Continuons notre joyeux parcours en évoquant les audiences. Pour rester dans la continuité des différents articles, je vois renvoie à mon exemple de la partie 1 qui traitait du cas de reciblage publicitaire (ou retargeting) entre le site d’un annonceur automobile et un site A. On parle bien ici de ciblage d’audience et de personnalisation. Toutes les grandes mécaniques qui vous offrent l’opportunité de collecter, de qualifier, de cibler et de recibler les surfeurs se basent en majorité sur les cookies tiers. Une fois de plus, si je débranche la prise dans l’état actuel des choses, tous les scénarios de retargeting et messages personnalisés que vous avez soigneusement préparés et optimisés depuis un certain temps seront balayés. Attention cependant, même si les possibilités de ciblages vont en prendre un sacré coup, plusieurs options resteront disponibles et nous renvoient parfois à d’anciennes techniques qu’on avait rangées dans le carton des solutions surannées. Je sous-entends évidemment ce bon vieux ciblage contextuel (qui me permet, par exemple, d’acheter un emplacement publicitaire d’une section « économie » d’un site pour y placer un message publicitaire traitant d’un nouveau produit d’un annonceur bancaire). Bien entendu, il faudra encore souffler la poussière qui s’est accumulée dessus et l’adapter à ce futur qui nous attend. On en reparlera dans la troisième partie. Je voulais encore citer deux mentions honorables au rayon du ciblage. Le ciblage par device et la géolocalisation demeureront disponibles puisqu’ils ne s’encombrent pas de cookie tier. Gardons quand même à l’esprit que ce n’est pas parce qu’une solution sera techniquement possible qu’elle se fera sans consentement…

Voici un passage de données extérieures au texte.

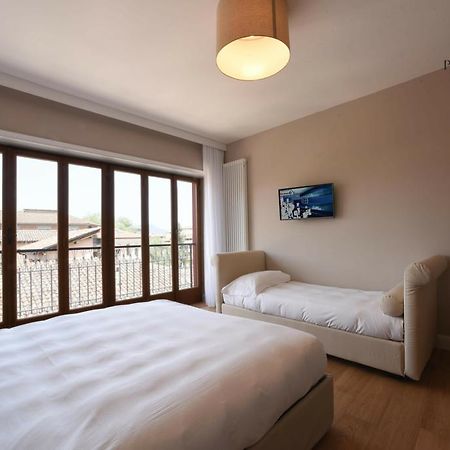B&B Piazza Cavour Рієті Екстер'єр фото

Oui, mais l’achat programmatic dans tout ça?
Corolaire de toutes ces techniques de collecte d’audiences et autre impact conséquent, le programmatic. Ce dernier est un écosystème qui se base sur l’audience qui elle-même est créée au travers de cookies tiers. C’est un système dont la vocation est d’exploiter à fond l’open web. Entendons par là, la possibilité de collecter des cookies (= de l’audience) et de les distribuer à d’autres supports interconnectés afin de faciliter et d’augmenter la rapidité de la diffusion de messages publicitaires. Dès lors, l’image du travail de sape sabotant les fondations même du programmatic ne me semble pas surfait lorsqu’on évoque la disparition des cookies tiers. Cependant, je vais ralentir le discours alarmiste, le programmatic ne va pas mourir et disparaitre du jour au lendemain. La technique même sera toujours exploitable mais dans un autre et futur paradigme dont nous ne connaissons pas encore tous les contours actuellement. Ce qui va disparaitre, par contre, c’est l’open web tel que nous l’avons connu et exploité jusqu’à présent.

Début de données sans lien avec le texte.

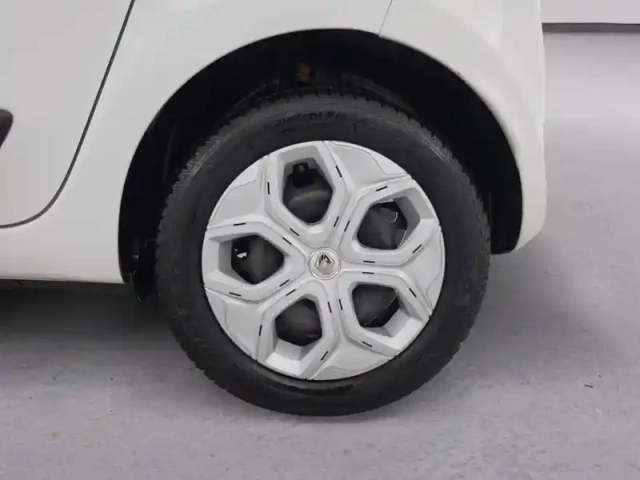 Renault Twingo iii e-tech — photo 219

Pour conclure, comment résumer tout ça?
Concrètement, pour résumer nous pouvons dire/prédire que :
· Les volumes d’audiences vont clairement diminuer.
· Les options de reciblage vont être très limitées.
· La grande foire à l’échange de data d’un système à l’autre vit ses derniers jours.
· La mesure des campagnes sera limitée et affaiblie.
· L’analyse globale du « consumer journey » va devenir un vrai challenge.
Pour conclure cette partie et à la lumière des différents points vus plus haut, je peux clairement affirmer que c’est tout un écosystème complet qui va se briser ou plutôt, soyons optimiste, se remodeler. Finalement, n’est-ce pas le propre de la transformation digitale que de s’adapter ? Parlons justement à présent des pistes pour nous y aider : la troisième partie sera la dernière et explorera les solutions envisageables pour l’heure.